From 6573a3a02aaaf0e3a097d1f49f7fd82037f8c8c1 Mon Sep 17 00:00:00 2001
From: Alejandro Celaya <alejandro.celaya@hypothes.is>
Date: Thu, 6 Feb 2025 15:17:31 +0100
Subject: [PATCH] Ignore punctuation characters when looking for mentions

---
 src/sidebar/components/MarkdownEditor.tsx     |   8 +-
 src/sidebar/helpers/mentions.ts               |  64 +++++++-
 src/sidebar/helpers/test/mentions-test.js     | 148 +++++++++++++++++-
 src/sidebar/util/term-before-position.ts      |  43 -----
 .../util/test/term-before-position-test.js    |  90 -----------
 5 files changed, 207 insertions(+), 146 deletions(-)

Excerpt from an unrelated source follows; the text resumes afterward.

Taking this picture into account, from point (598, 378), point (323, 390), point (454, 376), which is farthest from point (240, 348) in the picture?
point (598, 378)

 delete mode 100644 src/sidebar/util/term-before-position.ts
 delete mode 100644 src/sidebar/util/test/term-before-position-test.js

diff --git a/src/sidebar/components/MarkdownEditor.tsx b/src/sidebar/components/MarkdownEditor.tsx
index 809c7e9a60c..52a7d7fd2a0 100644
--- a/src/sidebar/components/MarkdownEditor.tsx
+++ b/src/sidebar/components/MarkdownEditor.tsx
@@ -29,6 +29,10 @@ import {
 } from 'preact/hooks';
 
 import { isMacOS } from '../../shared/user-agent';
+import {
+  getContainingWordOffsets,
+  termBeforePosition,
+} from '../helpers/mentions';
 import {
   LinkType,
   convertSelectionToLink,
@@ -36,10 +40,6 @@ import {
   toggleSpanStyle,
 } from '../markdown-commands';
 import type { EditorState } from '../markdown-commands';
-import {
-  getContainingWordOffsets,
-  termBeforePosition,
-} from '../util/term-before-position';
 import MarkdownView from './MarkdownView';
 import MentionPopover from './MentionPopover';
 
diff --git a/src/sidebar/helpers/mentions.ts b/src/sidebar/helpers/mentions.ts
index a09cdca1846..e2e39b1a493 100644
--- a/src/sidebar/helpers/mentions.ts
+++ b/src/sidebar/helpers/mentions.ts
@@ -11,19 +11,24 @@ import { buildAccountID } from './account-id';
  */
 export function wrapMentions(text: string, authority: string): string {
   return text.replace(
-    // Capture both the potential empty character before the mention (space, tab
-    // or new line), and the term following the `@` character.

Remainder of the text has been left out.